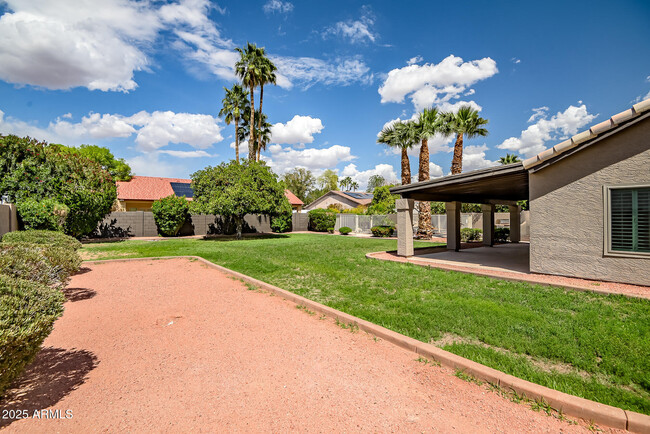 Building Photo - 8632 W Via Montoya Dr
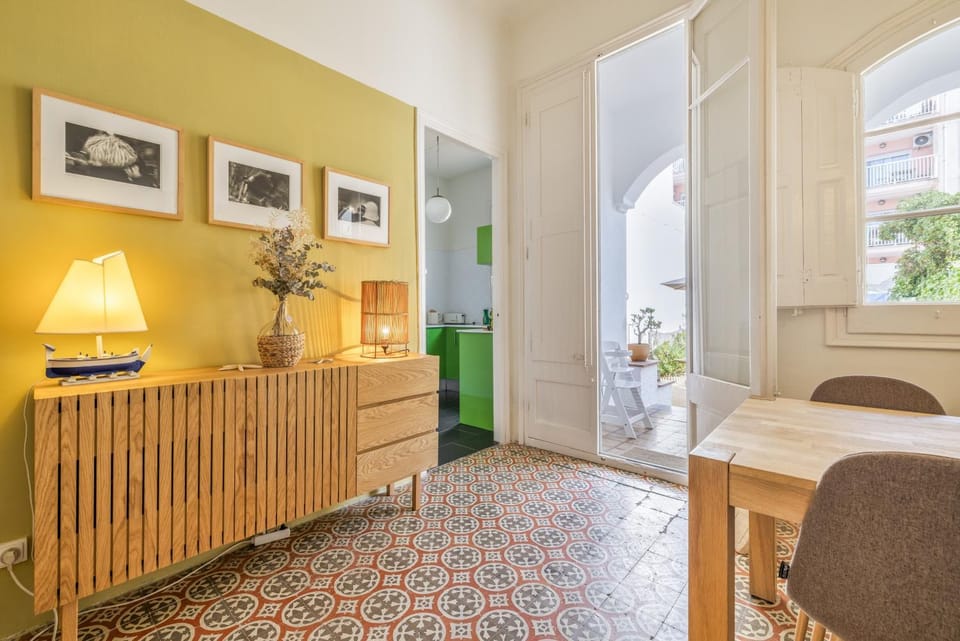 Property building, Living room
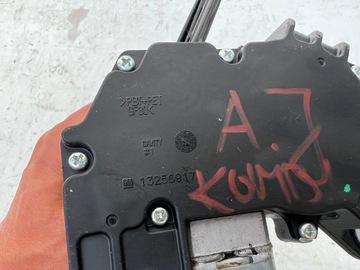 ASTRA J IV KOMBI MOTOREK ZADNÍ STĚRAČE
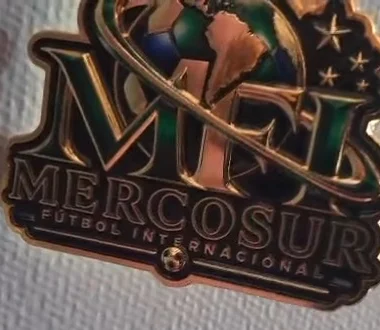 Mercosur Fútbol Internacional: Medalla zamak full color con relieve, esmalte y estrellas. «Nos pidieron algo especial».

- _EXERCISE GOAL_: Everything from the line containing "Property building, Living room" to the last line of the listing above is to be written out exactly, except the pictures, and nothing else.

- _REPLY TO THE TASK_:
 Property building, Living room
 ASTRA J IV KOMBI MOTOREK ZADNÍ STĚRAČE
 Mercosur Fútbol Internacional: Medalla zamak full color con relieve, esmalte y estrellas. «Nos pidieron algo especial».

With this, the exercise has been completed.